To do: Nothing but the lines from the one containing "Capuchin Church, Vienna (interior)" through the last line of the records below should be written out, each exactly as it stands.

Dataset excerpts:
# # # # # # #

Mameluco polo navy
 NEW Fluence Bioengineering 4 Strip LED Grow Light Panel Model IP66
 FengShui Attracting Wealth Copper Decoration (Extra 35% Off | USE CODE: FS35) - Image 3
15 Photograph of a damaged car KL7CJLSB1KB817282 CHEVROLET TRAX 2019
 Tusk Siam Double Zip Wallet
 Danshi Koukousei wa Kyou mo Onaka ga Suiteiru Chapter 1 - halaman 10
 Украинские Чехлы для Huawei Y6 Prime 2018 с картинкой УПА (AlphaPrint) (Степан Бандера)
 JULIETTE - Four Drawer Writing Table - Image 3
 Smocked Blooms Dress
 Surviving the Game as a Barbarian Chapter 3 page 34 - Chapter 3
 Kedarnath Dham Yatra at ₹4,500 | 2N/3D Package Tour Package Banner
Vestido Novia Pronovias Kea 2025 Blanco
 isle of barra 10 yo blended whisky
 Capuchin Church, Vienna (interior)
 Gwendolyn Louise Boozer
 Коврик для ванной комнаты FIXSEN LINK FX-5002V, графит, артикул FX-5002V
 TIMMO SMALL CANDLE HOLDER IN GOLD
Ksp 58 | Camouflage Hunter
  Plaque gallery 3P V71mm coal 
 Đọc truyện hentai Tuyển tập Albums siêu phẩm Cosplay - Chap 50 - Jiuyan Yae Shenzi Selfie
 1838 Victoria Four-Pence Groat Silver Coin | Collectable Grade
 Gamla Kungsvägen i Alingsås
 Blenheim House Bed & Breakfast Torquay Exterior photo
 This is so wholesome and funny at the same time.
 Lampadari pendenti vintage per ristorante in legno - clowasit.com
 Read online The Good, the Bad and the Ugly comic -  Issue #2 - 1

# # # # # # #

Exercise answer:
 Capuchin Church, Vienna (interior)
 Gwendolyn Louise Boozer
 Коврик для ванной комнаты FIXSEN LINK FX-5002V, графит, артикул FX-5002V
 TIMMO SMALL CANDLE HOLDER IN GOLD
Ksp 58 | Camouflage Hunter
  Plaque gallery 3P V71mm coal 
 Đọc truyện hentai Tuyển tập Albums siêu phẩm Cosplay - Chap 50 - Jiuyan Yae Shenzi Selfie
 1838 Victoria Four-Pence Groat Silver Coin | Collectable Grade
 Gamla Kungsvägen i Alingsås
 Blenheim House Bed & Breakfast Torquay Exterior photo
 This is so wholesome and funny at the same time.
 Lampadari pendenti vintage per ristorante in legno - clowasit.com
 Read online The Good, the Bad and the Ugly comic -  Issue #2 - 1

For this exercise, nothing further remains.